La normalisation des relations entre le Cameroun et le Nigeria ouvre aussi de nouvelles perspectives pour les échanges régionaux. Certes, le voisinage du pays le plus peuplé du continent est perçu par certains experts camerounais comme un facteur d’aggravation de la crise de l’économie de leur pays. Il est avéré que depuis 1988 la forte dépréciation de sa monnaie (le naira) vis-à-vis du franc CFA a entraîné « une inversion des flux ». D’importateur, l’ancienne colonie britannique est devenue exportatrice de biens manufacturés à bas prix, qui ont engendré « des effets néfastes » sur le tissu industriel de son voisin. L’importance du commerce informel, la contrebande due à la porosité des frontières terrestres et maritimes ont laminé l’industrie camerounaise du tabac et menacent le textile. La sécurisation de la longue frontière commune pourrait permettre de fermer les points de passage de la contrebande. Une étude réalisée par Newco, filiale de la Cotonnière industrielle du Cameroun (Cicam), les a d’ores et déjà localisés à Fotokol et Makari dans l’extrême nord, à Bourhatchneni, Dourbeye, Tcheboa dans le nord, à Eyumojouk, Ekok-Ikom dans le nord-ouest, ainsi qu’à Idenau et Tiko dans le sud-ouest du territoire camerounais. Deux fois moins étendu et sept fois moins peuplé, le Cameroun fait figure de nain, mais il pourrait en revanche accéder à ce marché de 130 millions de consommateurs de produits agricoles si des routes et voies ferrées transfrontalières étaient construites.
Sur le plan stratégique aussi, les deux pays ont tout intérêt à s’entendre. La péninsule est la principale porte d’entrée et de sortie pour le sud-est du Nigeria tandis que l’estuaire de la Cross River commande l’accès au port de Calabar et constitue un point de surveillance pour la navigation dans le golfe de Guinée. Ce qui était insupportable pour Sani Abacha a finalement été accepté par ses successeurs. Par « devoir d’exemplarité », le géant nigérian, qui aspire à jouer un rôle majeur sur l’échiquier diplomatique international, s’accommode de cette position avantageuse octroyée au Cameroun par un traité de 1913 signé entre les colonisateurs allemand et britannique.

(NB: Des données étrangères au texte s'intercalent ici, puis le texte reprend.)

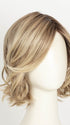 RAW SUGAR BLONDE | A Neutral Light Blonde, Honey Blonde, Pale Gold Blonde, with a base of Light Brown Low Lights featuring a Medium Root Color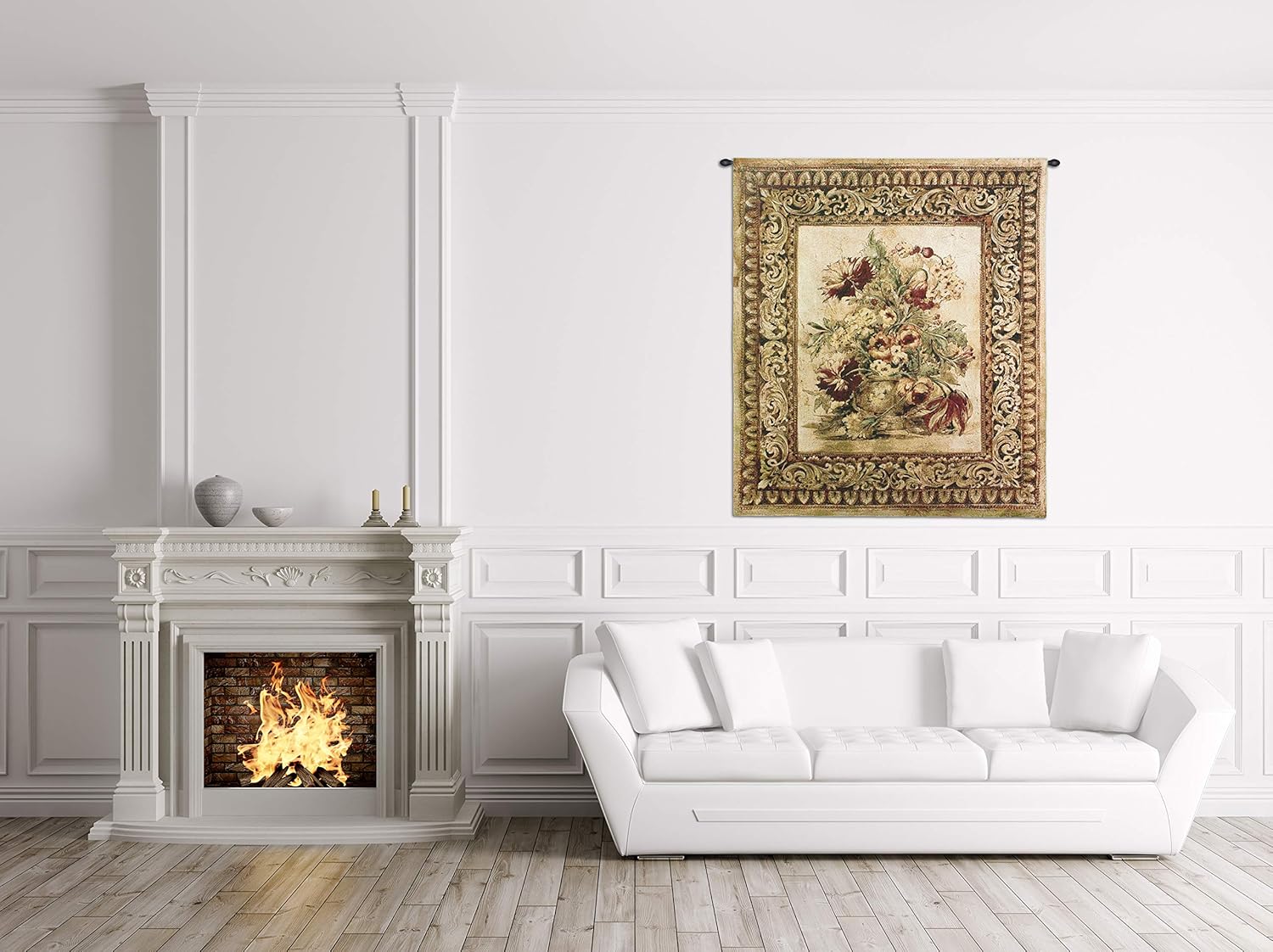 Porto Sienna Woven Wall Art Decorative Urn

Un pays qui aspire à décrocher un siège de membre permanent du Conseil de sécurité de l’ONU ne saurait défier un arrêt de la Cour internationale de justice. Il est tout aussi contre-indiqué de contrarier la politique américaine de sécurisation des approvisionnements énergétiques, au sein de laquelle le golfe de Guinée occupe une position désormais majeure. Mais, au-delà des luttes d’intérêt et alliances ?de circonstance, le vrai défi est la redistribution de la manne pétrolière aux populations des deux pays, dont plus de la moitié vivent avec 1 dollar par jour.